Insomnia is a very long hour and a half, and certainly the longest I have ever spent with a silver frog in a basement
Yet, after a strange and rather muddled start, which involved the audience being ushered down the steps of the bunker-like Brunswick Cellar Bar, and then to scattered seats, mine was facing a wall, by a very camp collective - improvising, muttering, half greeting - we were very soon plunged into a drama of machine-like formalism.
Off shuffled our welcoming posse. Our hosts included a portly gent in a silver frog suit and a cardboard masked, Miyazaki version of Widow Twanky, who were only to be replaced by similar- or the same?- characters but with a stiffer, more sombre tinge.
These persons installed themselves in niches on opposing sides of the chamber and from these, enacted repetitive vignettes of slow, oh-so-slow unveiling. Round and round we went, all, naturally, in a strict round-robin order. It was like a check-in at a Fancy Dress Anonymous meeting. Sets of amateurish stop-frame animations and films -the dreams of the dream-people?- provided momentary relief, if not illumination, before we were again subjected to more ponderous exposition. Ok, we get it, somebody or something can’t sleep. This till half time.
On our return, a public headcount revealed that we’d only lost one of our select audience but it also added to a growing feeling of being strapped in for the night. Thankfully, the pace did quicken and when, mid-act, the cast began thumping and moaning in concert, the doldrums were replaced with disquiet.

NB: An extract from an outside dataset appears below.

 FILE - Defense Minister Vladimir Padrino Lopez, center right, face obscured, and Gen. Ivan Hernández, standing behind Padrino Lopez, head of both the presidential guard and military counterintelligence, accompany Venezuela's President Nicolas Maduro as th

Without doubt, Insomnia took some making. It has a surprisingly large cast if you include the films and many minutes of tailor-made sub-Clangers animation. Content-wise, however, it is beyond quirk. It’s frankly barmy. Marry this to its cog-like staging and even the most brilliant actor would struggle to breathe more than melodrama into these fractured soliloquies. It’s like…. well, insomnia. But not in a good way.
At times it felt like a Be Kind Rewind remake of Inside Out, but without the former’s zany wit and the latter’s intelligibility. Announced as both multimedia (ok), and multi-sensory (what – eyes and ears?), Insomnia is a very long hour and a half, and certainly the longest I have ever spent with a silver frog in a basement. If this were to be my nightly fare, I would definitely be reaching for the sleeping pills. The hard work and flashes of invention in its jamboree of symbols -for instance, a surprisingly elegant recorded piece which might have been written by a young Jeanette Winterson- sadly, do not succeed in throwing light on this universally hated condition.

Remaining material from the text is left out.